Keeping our bodies healthy
Global researchers and academic studies all concur that leading a healthy and sustainable lifestyle includes a nutritional and balanced diet, sleep to regenerate, exercise in moderation, continued learning, and activities to keep our brain active.
Being part of social groups and enjoying close friendships are a key component of this. In essence love what you do. Engage with the things that make you smile and bring joy.
Focus on exercise, food and sleep.
Exercise boosts our cardio vascular system to get heart, lungs pumping to circulate oxygen and blood to our essential organs and brain. It activates our muscles which may have little use, helps repair and reduces wear and tear of our total body system by waking up our metabolism. It helps to boost our immunity and reduce stress chemicals.
The type and amount of exercise we do is dependent on our individual motivation, our age and body. The most important factor is to nudge ourselves into moving.
Chores around the house, gardening or walking is the simplest form and can be done anywhere, anytime with or without putting on running outfits! We are advised to do 10,000 steps a day. Our Smartphone apps can measure this.
Equally a brisk walk outside for 30 minutes will get our metabolism going and energise our minds and body.
Eat healthy food
Food has nutritional impact and to consume natural foods allows billions of cells and tissue to repair themselves. Various micronutrients exist within a complex food matrix, impacting how they are absorbed by the body, how the foods interact with each other, and how much of then can be consumed at one time.
Often when food nutrients are manufactured as supplements in a pill or added as fortified foods, they can be poorly absorbed, and interactions with other nutrients can be lost.
Research by nutrition scientists conclude that to gain the full benefits we need to combine many different foods from our overall dietary pattern. What combinations of foods do we choose? Which combinations are particularly healthy? Which ones are unhealthy?
This is also dependent on which part of the world you live in. There are many traditional vegetables and fruits, some grown wild and foraged that have nutritional and medicinal values.

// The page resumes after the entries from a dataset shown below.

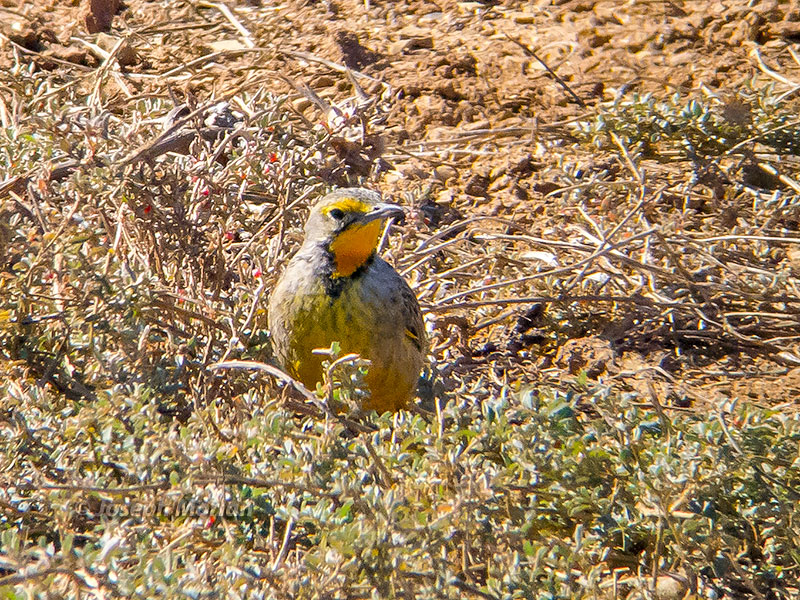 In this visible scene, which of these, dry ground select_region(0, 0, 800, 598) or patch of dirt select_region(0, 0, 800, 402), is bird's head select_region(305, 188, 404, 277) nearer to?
dry ground select_region(0, 0, 800, 598)

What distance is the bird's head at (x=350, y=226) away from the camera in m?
4.49

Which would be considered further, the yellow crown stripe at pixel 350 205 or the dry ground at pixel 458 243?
the yellow crown stripe at pixel 350 205

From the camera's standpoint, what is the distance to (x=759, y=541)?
3.46 meters

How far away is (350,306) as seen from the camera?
4.39m

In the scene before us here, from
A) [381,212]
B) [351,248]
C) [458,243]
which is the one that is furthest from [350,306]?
[458,243]

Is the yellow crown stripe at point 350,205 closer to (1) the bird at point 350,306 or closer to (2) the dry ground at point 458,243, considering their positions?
(1) the bird at point 350,306

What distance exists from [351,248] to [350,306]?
0.89ft

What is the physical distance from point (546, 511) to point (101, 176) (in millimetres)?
2468

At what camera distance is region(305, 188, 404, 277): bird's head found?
14.7 ft

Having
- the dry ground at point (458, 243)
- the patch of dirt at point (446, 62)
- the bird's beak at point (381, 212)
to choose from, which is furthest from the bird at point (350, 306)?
the patch of dirt at point (446, 62)

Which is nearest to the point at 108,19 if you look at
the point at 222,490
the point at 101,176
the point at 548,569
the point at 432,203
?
the point at 432,203

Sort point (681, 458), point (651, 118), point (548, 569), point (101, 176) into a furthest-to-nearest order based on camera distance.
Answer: point (651, 118)
point (101, 176)
point (681, 458)
point (548, 569)

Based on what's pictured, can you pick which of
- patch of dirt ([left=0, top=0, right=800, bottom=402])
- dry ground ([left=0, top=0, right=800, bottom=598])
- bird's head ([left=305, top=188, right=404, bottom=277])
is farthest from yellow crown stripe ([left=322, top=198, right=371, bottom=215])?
patch of dirt ([left=0, top=0, right=800, bottom=402])

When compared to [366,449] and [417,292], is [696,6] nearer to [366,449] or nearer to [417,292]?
[417,292] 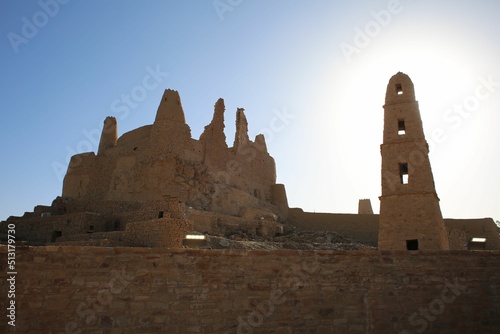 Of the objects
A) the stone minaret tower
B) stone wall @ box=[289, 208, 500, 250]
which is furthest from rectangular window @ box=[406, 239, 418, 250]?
stone wall @ box=[289, 208, 500, 250]

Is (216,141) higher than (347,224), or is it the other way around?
(216,141)

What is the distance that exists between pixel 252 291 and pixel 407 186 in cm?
1120

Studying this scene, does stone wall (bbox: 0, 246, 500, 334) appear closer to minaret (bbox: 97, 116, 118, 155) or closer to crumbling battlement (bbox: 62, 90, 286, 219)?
crumbling battlement (bbox: 62, 90, 286, 219)

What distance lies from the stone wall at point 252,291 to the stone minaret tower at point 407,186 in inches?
313

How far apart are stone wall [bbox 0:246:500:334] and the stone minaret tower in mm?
7945

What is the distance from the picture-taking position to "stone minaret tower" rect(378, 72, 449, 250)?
15.7m

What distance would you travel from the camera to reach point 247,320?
23.1 feet

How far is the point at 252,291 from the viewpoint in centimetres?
725

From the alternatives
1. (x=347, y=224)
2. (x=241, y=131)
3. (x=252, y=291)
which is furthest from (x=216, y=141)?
(x=252, y=291)

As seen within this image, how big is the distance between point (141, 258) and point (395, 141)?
13.2m

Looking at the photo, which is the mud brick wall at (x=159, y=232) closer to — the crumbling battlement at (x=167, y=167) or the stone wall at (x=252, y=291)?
the crumbling battlement at (x=167, y=167)

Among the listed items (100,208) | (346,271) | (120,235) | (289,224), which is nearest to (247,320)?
(346,271)

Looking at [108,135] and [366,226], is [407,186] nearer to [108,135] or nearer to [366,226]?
[366,226]

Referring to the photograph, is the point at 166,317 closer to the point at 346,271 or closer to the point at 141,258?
the point at 141,258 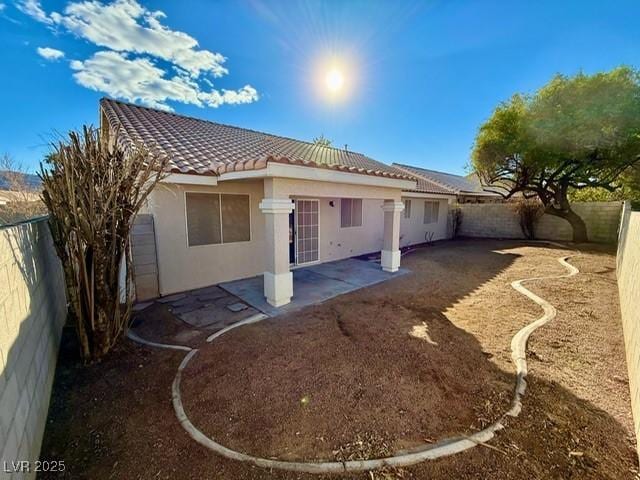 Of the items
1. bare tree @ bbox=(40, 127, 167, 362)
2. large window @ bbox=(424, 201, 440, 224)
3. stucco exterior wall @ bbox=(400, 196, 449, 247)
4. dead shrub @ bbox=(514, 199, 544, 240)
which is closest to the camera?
bare tree @ bbox=(40, 127, 167, 362)

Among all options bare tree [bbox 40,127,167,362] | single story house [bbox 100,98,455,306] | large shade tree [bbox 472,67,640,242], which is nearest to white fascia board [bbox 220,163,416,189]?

Sleep is essential for the body's repair. Experts suggest 8 to 10 hours give our cells time to to regenerate. But people are now sleeping less hours and the quality of sleep has declined.
Poor sleep affects hormones that regulate appetite, with those sleeping well eating fewer calories. Shorter duration of sleep can lead to weight gain in adults and children.
Adequate sleep helps our brain functions including maximizing problem solving skills, improving memory, productivity and performance, and improves our immune functions.
Longer sleeping patterns improve atheletic and physical performance and mental well being.
Sleeping less than 7-8 hours per night is linked to an increase risk of heart disease, stroke, type 2 diabetes, depression or sleeping disorders like insomnia
Sleep deprivation affects emotions and social interactions.